I’ve been doing annual reviews since 2015. They’ve always involved walking, writing, rereading old notes, and trying to make sense of a year that already feels like it’s slipping into memory.
I’m trying something different this year.
I’m still walking. I’m still reflecting. But instead of writing everything down first, I’m talking—out loud—and letting AI help me process what comes next.
Walking, Talking, and Letting Thoughts Surface
Over the last few weeks, I’ve spent a lot of time walking in the park and voice‑journaling. I started with the Lifebook areas, one by one, talking through how each area felt over the past year. Then I did the same for my ten values.
No outline. No structure at first. Just letting thoughts come out in the order they wanted to show up.
That part felt familiar. Walking loosens things up. What’s new is what I did afterward.
Using AI to Reflect Back—Not Replace Thinking
Once I had those voice journals turned into text, I didn’t ask AI to summarize my year. Instead, I had a conversation with it about what I was trying to do.
I explained the exercise’s intent. Then I asked it to help me create prompts—questions I could reuse—to analyze each journal and eventually consolidate them into a single reflection document.

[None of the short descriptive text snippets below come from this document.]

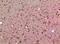 Growth Differentiation Factor 5 antibody, A01356-1, Boster Biological Technology, Immunohistochemistry frozen image 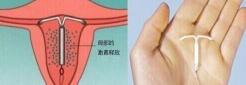 做诊刮手术多少钱（女同胞们都知道刮宫很伤身）
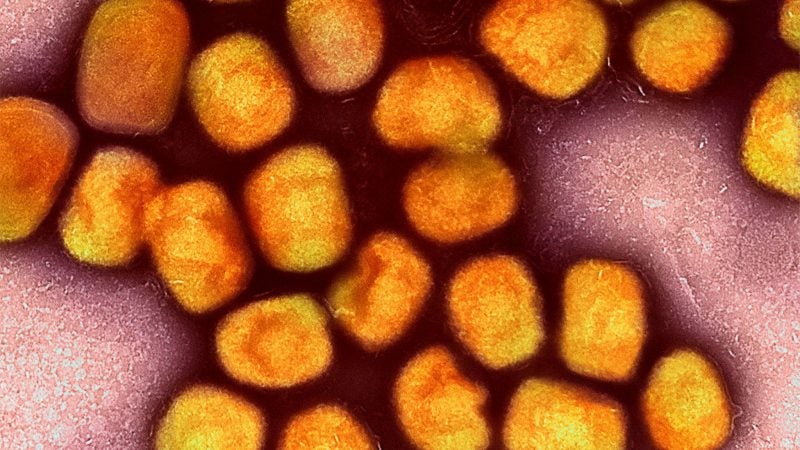 Eine neue Variante des Mpox-Virus könnte gefährlicher sein als bisherige Varianten.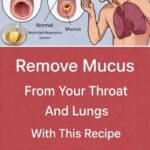 Aneurysm: Signs you shouldn’t ignore… See more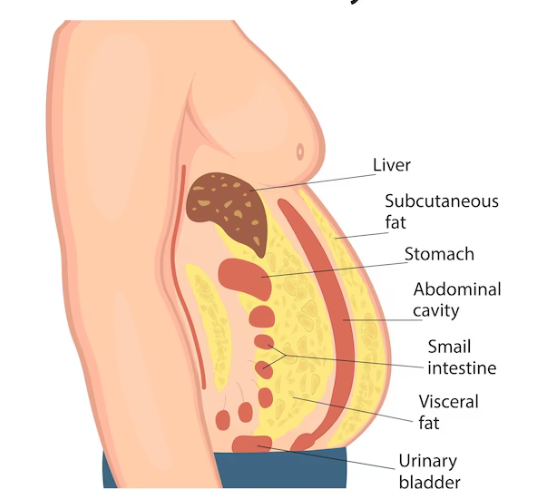 복부비만치료, 유독 뱃살만 안 빠지는 이유는 따로 있을까요? 관련 이미지 6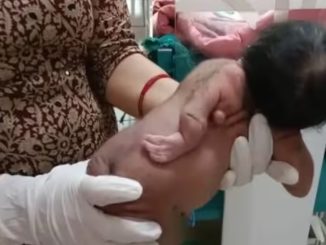 Rajasthan: Unique child with 3 hands born in Hanumangarh, third hand on back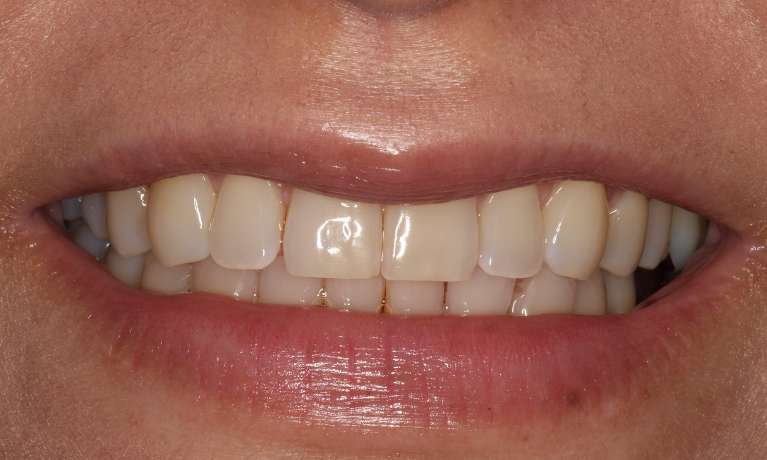 Comprehensive-Dentistry-in-One-Location-Before-Image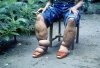 800px-Elephantiasis.jpg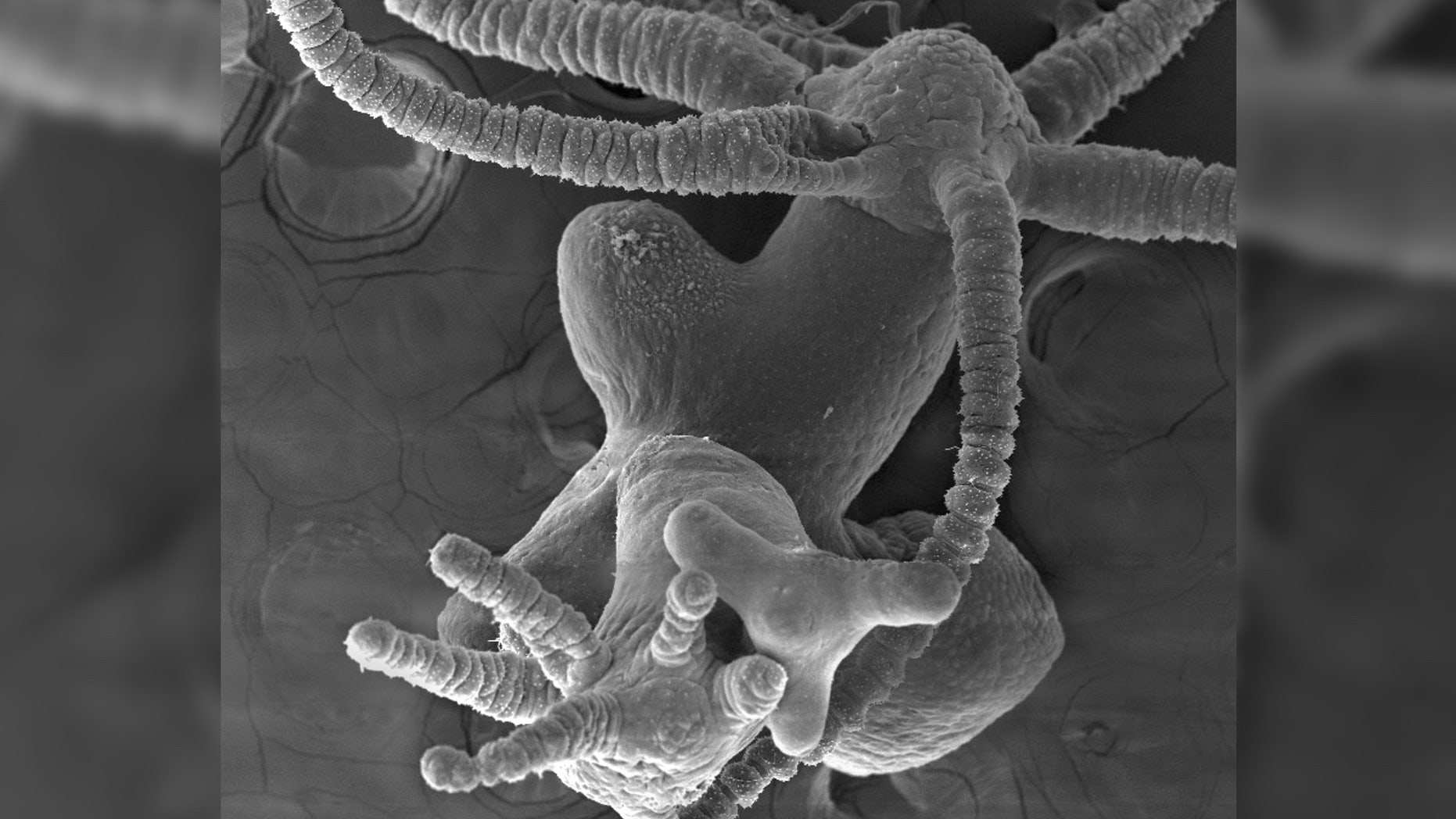 A hydra with too little of a protein called Sp5 develops multiple heads.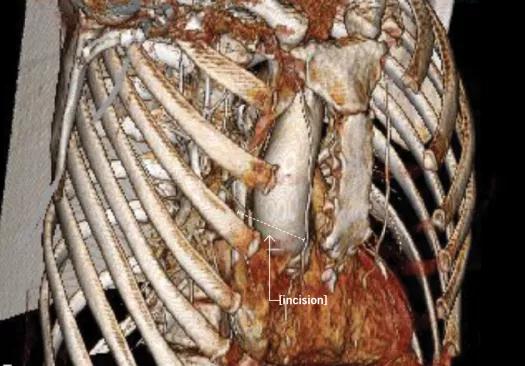 A sternal-sparing minithoracotomy incision allowed excellent access to the aortic valve.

The results surprised me, in a good way.
Some of the connections it surfaced were things I’ve been circling for years. I recognized them immediately because I’ve written about them before. AI didn’t invent those—it noticed them because I had already put them into words.
But it also did something else: it showed me those same connections from slightly different angles. Different lenses. Different framings.
That was enough to trigger new thoughts of my own. And that’s where the value really was.
Noticing Tensions I Hadn’t Named Yet
One thing that stood out was how clearly it highlighted tensions between values.
Not judgments. Not prescriptions. Just tensions.
Some of those might be false positives—after all, AI can only work with what I’ve given it. Many of my older reflections still live in handwritten notebooks I haven’t digitized yet. That context matters.
Still, seeing those tensions written out prompted good questions—the kind of questions that don’t need immediate answers but are worth sitting with.
That alone made the exercise worthwhile.
This Is Still an Incomplete Picture—and That’s Okay
What I’ve done so far is just one slice of the year. Next, I’ll gather more:
- Journals from different capture methods throughout the year
- Blog posts I wrote in 2025
- Talks I gave
- Notes and transcripts scattered across tools
I’ll bring all of that together and use tools to let me have longer‑form conversations with the material. Not to get the answer, but to see what patterns show up when everything is in one place.
And then I will lock down my final review—and start asking forward‑looking questions about 2026.
Letting AI Suggest, Then Choosing Deliberately
As part of the values analysis, AI suggested a handful of experiments for next year—things I might try in Q1, Q2, or later.
Some were easy to discard. They assumed gaps that aren’t actually gaps for me.
Others, though, were surprisingly thoughtful. Not instructions—just possibilities. I’ll keep a few of those on the table and see which ones resonate as I shape next year.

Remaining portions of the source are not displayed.